** Provided material follows **
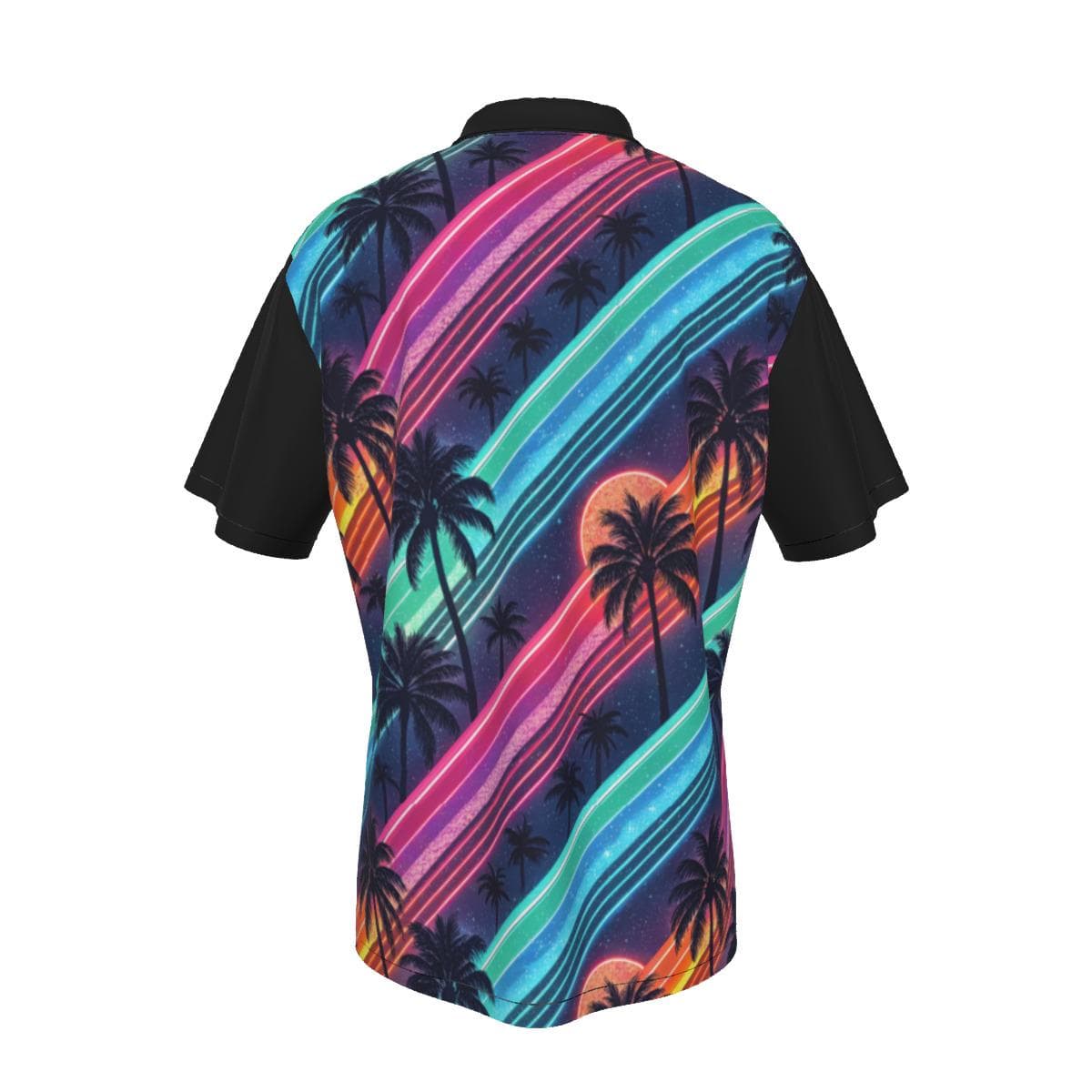 Vaporwave Neon Sunset Hawaiian Shirt | Retro 80s Synthwave Beach Button-Up | Aesthetic Palm Tree Summer Top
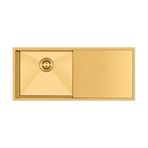 Crauf El Yapımı Damlalıklı 304 Paslanmaz Çelik Eviye (PVD Altın, 80 cm x 45 cm)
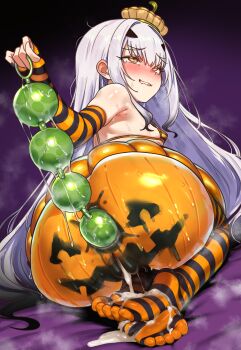 1girl absurdres after_vaginal aftersex anal anal_beads anal_object_insertion anus ass bare_shoulders bikini blush bodypaint breasts clenched_teeth cum cum_in_pussy cumdrip ebora elbow_gloves fate/grand_order fate_(series) fingerless_gloves forked_eyebrows gloves halloween halloween_costume hat highres jack-o&#039;-lantern kneeling long_hair melusine_(fate) micro_bikini object_insertion orange_bikini orange_gloves orange_hat orange_skirt orange_thighhighs pumpkin_costume pussy rolling_eyes sex_toy sidelocks skirt small_breasts solo striped_clothes striped_gloves striped_thighhighs swimsuit teeth thighhighs thighs white_hair yellow_eyes
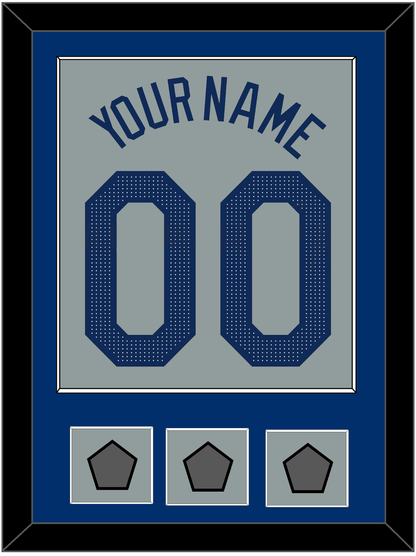 Los Angeles Name, Number & 3 World Series Jersey Patches - Road Gray - Essential Tier 2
** End of Provided material **
◆ **About this task**
Every line between the one containing "1girl absurdres after_vaginal" and the last line of the data above, both included, should be copied exactly, but not the pictures.

◆ **Expected answer**
 1girl absurdres after_vaginal aftersex anal anal_beads anal_object_insertion anus ass bare_shoulders bikini blush bodypaint breasts clenched_teeth cum cum_in_pussy cumdrip ebora elbow_gloves fate/grand_order fate_(series) fingerless_gloves forked_eyebrows gloves halloween halloween_costume hat highres jack-o&#039;-lantern kneeling long_hair melusine_(fate) micro_bikini object_insertion orange_bikini orange_gloves orange_hat orange_skirt orange_thighhighs pumpkin_costume pussy rolling_eyes sex_toy sidelocks skirt small_breasts solo striped_clothes striped_gloves striped_thighhighs swimsuit teeth thighhighs thighs white_hair yellow_eyes
 Los Angeles Name, Number & 3 World Series Jersey Patches - Road Gray - Essential Tier 2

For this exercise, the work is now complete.